Requirement = Nothing but the lines from the one containing "Hans Christian Andersen Rozprávky" through the one containing "Louis Vuitton this authentic", both included, should be given again, each exactly as written below.

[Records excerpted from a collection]

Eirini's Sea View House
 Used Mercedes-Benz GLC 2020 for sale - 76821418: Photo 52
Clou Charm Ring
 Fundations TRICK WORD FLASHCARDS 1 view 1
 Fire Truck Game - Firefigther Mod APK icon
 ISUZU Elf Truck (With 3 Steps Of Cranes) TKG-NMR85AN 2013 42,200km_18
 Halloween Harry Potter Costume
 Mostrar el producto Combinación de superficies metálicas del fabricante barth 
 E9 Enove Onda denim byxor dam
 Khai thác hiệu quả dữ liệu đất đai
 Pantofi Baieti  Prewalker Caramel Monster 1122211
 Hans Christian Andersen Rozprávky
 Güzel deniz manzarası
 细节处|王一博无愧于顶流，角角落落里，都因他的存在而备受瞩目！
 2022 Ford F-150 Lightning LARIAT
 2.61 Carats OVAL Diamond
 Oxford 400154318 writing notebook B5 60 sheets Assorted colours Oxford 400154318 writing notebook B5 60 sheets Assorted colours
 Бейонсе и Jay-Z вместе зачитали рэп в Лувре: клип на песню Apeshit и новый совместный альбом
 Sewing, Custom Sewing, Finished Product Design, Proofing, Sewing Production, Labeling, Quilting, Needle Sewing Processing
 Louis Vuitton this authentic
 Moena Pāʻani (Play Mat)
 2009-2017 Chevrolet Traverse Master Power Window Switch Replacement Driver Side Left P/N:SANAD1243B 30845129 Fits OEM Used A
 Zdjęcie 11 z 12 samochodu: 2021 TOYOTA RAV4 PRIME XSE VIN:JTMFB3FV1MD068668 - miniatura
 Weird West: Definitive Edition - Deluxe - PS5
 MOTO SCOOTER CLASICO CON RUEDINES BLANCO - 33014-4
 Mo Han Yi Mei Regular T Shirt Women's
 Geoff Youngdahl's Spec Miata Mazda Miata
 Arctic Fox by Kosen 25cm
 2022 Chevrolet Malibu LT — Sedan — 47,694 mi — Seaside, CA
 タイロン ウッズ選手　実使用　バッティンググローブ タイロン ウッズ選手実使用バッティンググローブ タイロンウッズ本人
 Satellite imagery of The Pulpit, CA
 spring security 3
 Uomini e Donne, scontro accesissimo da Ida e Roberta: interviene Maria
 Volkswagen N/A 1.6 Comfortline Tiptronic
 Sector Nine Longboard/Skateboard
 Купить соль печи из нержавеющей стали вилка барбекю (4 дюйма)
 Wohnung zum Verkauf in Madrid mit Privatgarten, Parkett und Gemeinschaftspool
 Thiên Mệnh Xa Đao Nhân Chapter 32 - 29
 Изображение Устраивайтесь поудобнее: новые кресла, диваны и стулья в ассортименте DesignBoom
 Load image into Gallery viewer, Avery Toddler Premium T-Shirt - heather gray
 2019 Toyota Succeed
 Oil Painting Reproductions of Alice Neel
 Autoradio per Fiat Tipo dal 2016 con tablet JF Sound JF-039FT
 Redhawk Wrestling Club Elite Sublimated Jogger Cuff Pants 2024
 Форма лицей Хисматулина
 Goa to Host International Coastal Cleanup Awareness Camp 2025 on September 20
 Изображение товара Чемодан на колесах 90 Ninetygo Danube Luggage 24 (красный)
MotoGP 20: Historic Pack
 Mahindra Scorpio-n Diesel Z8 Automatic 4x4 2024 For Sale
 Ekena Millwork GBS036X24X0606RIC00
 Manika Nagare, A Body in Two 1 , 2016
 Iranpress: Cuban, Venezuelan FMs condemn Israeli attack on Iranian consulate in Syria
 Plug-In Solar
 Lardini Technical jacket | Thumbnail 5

Solved problem =
 Hans Christian Andersen Rozprávky
 Güzel deniz manzarası
 细节处|王一博无愧于顶流，角角落落里，都因他的存在而备受瞩目！
 2022 Ford F-150 Lightning LARIAT
 2.61 Carats OVAL Diamond
 Oxford 400154318 writing notebook B5 60 sheets Assorted colours Oxford 400154318 writing notebook B5 60 sheets Assorted colours
 Бейонсе и Jay-Z вместе зачитали рэп в Лувре: клип на песню Apeshit и новый совместный альбом
 Sewing, Custom Sewing, Finished Product Design, Proofing, Sewing Production, Labeling, Quilting, Needle Sewing Processing
 Louis Vuitton this authentic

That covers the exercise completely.